Sachez-le, dès même avant mon départ, alors que j'en étais à préparer dans ma tête un tour du monde à la voile en solitaire, j'avais déjà l'intuition que ce voyage ne devait pas s'envisager comme une parenthèse. Il s'agissait d'un choix de vie, et non pas d'une virée en mer limitée dans le temps. Je sentais au fond de moi que terminer ce voyage aurait quelque part le parfum de l'échec. Parce que c'est vrai quoi, vous faites le tour de la planète sur un voilier et après ? Vous croyez vraiment qu'il est possible de reprendre son train-train quotidien après un voyage pareil ? Et puis le côté : Youpi, je reviens d'un tour du monde à la voile en solitaire, regardez-moi comme je suis balaise ! Faites-moi une place dans votre monde ! Je suis peut-être un rêveur, mais je ne suis pas stupide. Je sais bien que les choses ne se passent pas comme ça. Et puis, je ne suis pas vraiment homme à me glorifier d'une performance, je pense que vous commencez à le comprendre.
Il est donc clair qu'à l'époque, et sans trop savoir encore mettre des mots dessus, j'envisageais déjà qu'un retour signifierait qu'au cours de ce périple, je serais passé à côté de quelque chose. Cela aurait voulu dire que je n'aurais pas trouvé le Bonheur avec un grand B.

Deux ans et demi plus tard, et si l'on excepte un aller-retour vite fait de quatre jours pour vendre ma maison, je n'ai toujours pas remis les pieds en France. Et franchement je n'en n'ai pas envie. Pas encore. Entendons-nous bien, j'aurais les moyens de me payer un aller retour si je le voulais, ce n'est donc pas un problème d'argent. De même, je sais très bien que si je venais passer quelques jours au pays, certaines personnes seraient ravies de m’accueillir, ce n'est donc pas non plus un problème de logistique. Non, mon souci est que pour envisager de faire une pause il faudrait déjà que j'ai le sentiment d'avoir accompli quelque chose... Et ce n'est pour l'instant pas le cas.
D'accord, vous allez me dire que je suis bien trop exigeant avec moi-même, que traverser l'Atlantique en solitaire c'est déjà pas mal, qu'avoir séjourné dans tant de pays c'est déjà quelque chose... Peut-être. Mais il n'empêche que cela ne me suffit pas. Pour ne serait-ce qu'un jour envisager de revenir il me faudrait... En fait, je n'en sais rien. Je vous le dirais lorsque je l'aurais fait !

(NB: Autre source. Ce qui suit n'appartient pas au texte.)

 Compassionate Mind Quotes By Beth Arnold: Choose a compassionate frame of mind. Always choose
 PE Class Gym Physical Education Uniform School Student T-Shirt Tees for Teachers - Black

Tu t'en fous toi, tu as un passeport espagnol !
Et puis... Et puis je dois vous avouer que ce qui se passe en France en ce moment ne joue pas vraiment en faveur d'un séjour au pays, fut-il bref. Depuis deux ans et demi que je suis parti, la France, ma France a bien changée. Sans doute ne vous en rendez-vous pas compte parce que vous avez le nez dedans, mais vu de l’extérieur je peux vous dire que c'est assez impressionnant.
Le racisme et la xénophobie se déchaînent depuis des mois et personne ne moufte. France Inter, ma radio, s'est transformé en affidé des banques et des assurances, et fait la part belle à des personnages (comme Finkielkraut la semaine dernière ou Copé encore ce matin) qui tiennent des discours odieux. Des discours qui, il n'y a pas si longtemps, auraient voué leur auteurs à la vindicte populaire et médiatique. Mais non, là encore personne ne moufte. Pire, on commence à trouver ça normal.
La gauche, elle aussi dite « normale », se droitise. La droite s'extrême-droitise. L'extrême droite jubile et engrange les points. Le pays dérape et tombe sur le cul, culbute et roule en arrière. Il régresse. On porte aux nues un type qui en descend un autre dans la rue d'une balle dans le dos. Cinquante années d'avancée sociétales sont mises en coupe réglée par un gouvernement sensément de gauche... Le code du travail est démoli. Les pauvres se mettent à payer plus d'impôts alors que les entreprises du CAC 40 se gavent comme jamais. On arrête une adolescente en pleine sortie scolaire pour l'expulser... Non mais sérieusement, c'est quoi ce bordel ? Elle est où la France des lumières ? La France du respect et des droits de l'homme ? On se croirait presque revenu dans les années quarante ! Ça sent la délation et la haine de l'autre. Ça sent la peur et la colère. Non, correction. Ça ne sent pas, ça pue. Et je peux vous dire que l'odeur on la sent à des milliers de kilomètres.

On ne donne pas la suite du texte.